Netflix will begin cracking down this quarter on US viewers who share someone else’s account. According to a Bloomberg report, the company plans to charge such customers would boost growth in the second half of the year. The platform also announced winding down its legacy DVD mailing business. 

The platform recently suffered an outage that impacted over 11,000 users in the US.

Netflix tested ways to reduce account sharing in Latin America and rolled out a plan to charge such users in four additional territories in the first quarter, Bloomberg reported. Netflix lost subscribers in Latin America and added 100,000 customers in the US and Canada.

The company has also been cutting down on subscription costs in over 30 countries. The company has recently said that it slashed subscription rates in 116 countries following the success of its business model in India.

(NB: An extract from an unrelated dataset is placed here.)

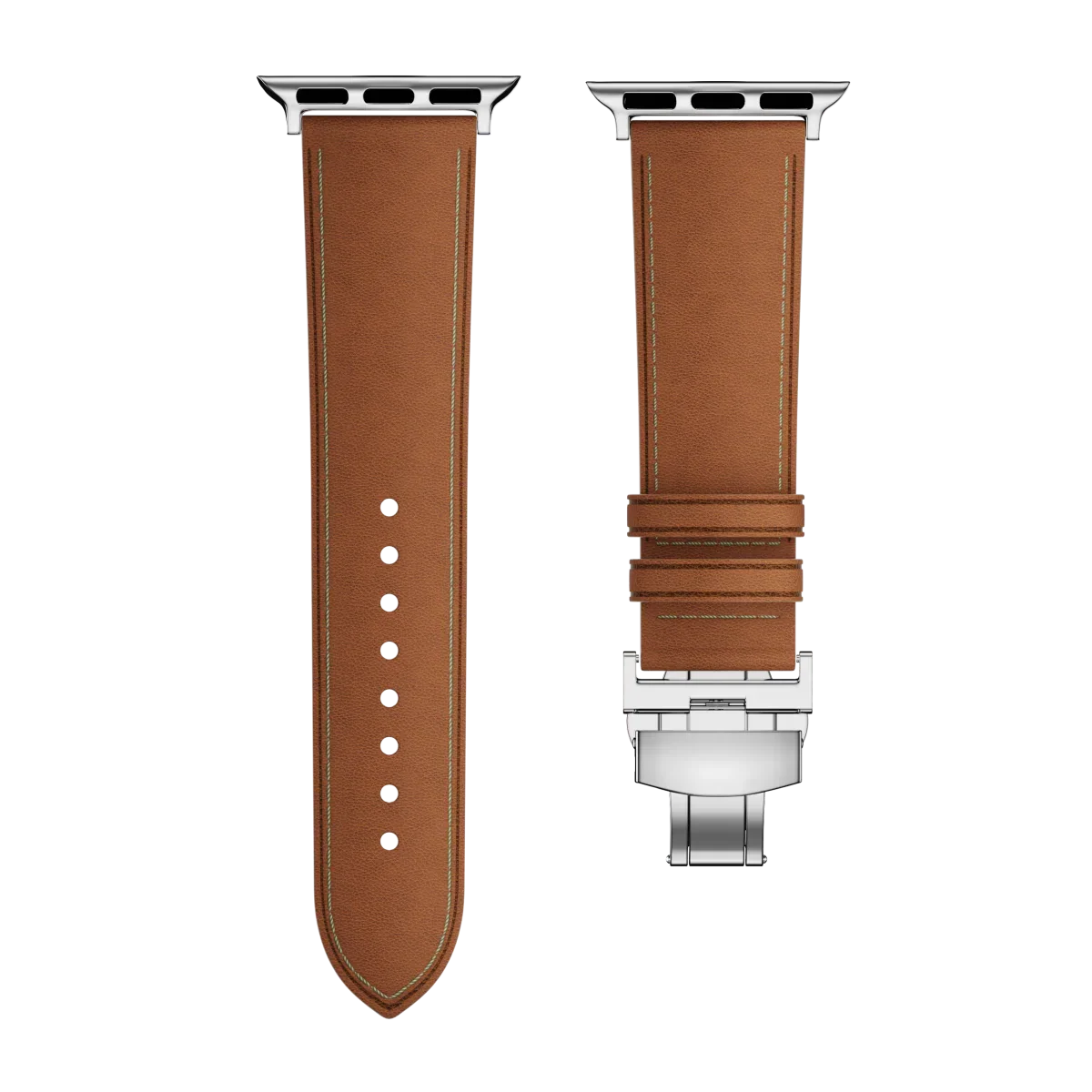 רצועת עור Avelon ל-Apple Watch — אבזם פרפר מפלדת אל-חלד - Desfino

The platform originally planned to roll out the change in the first quarter of 2023, which is now expected to be available on or before June 30, 2023. However, the move is not only limited to the US. “We are planning on a broad rollout, including in the US, in Q2,” Netflix said in its first-quarter 2023 earnings report. Nevertheless, the crackdown on password sharing would cause some customers to stop accessing the service in a short term. 

According to a Bloomberg report, Netflix estimates that over 100 million individuals use someone’s account, and analysts see paid sharing as a large potential source of new customers or sales. The company will begin charging for password sharing in the US in the next couple of months.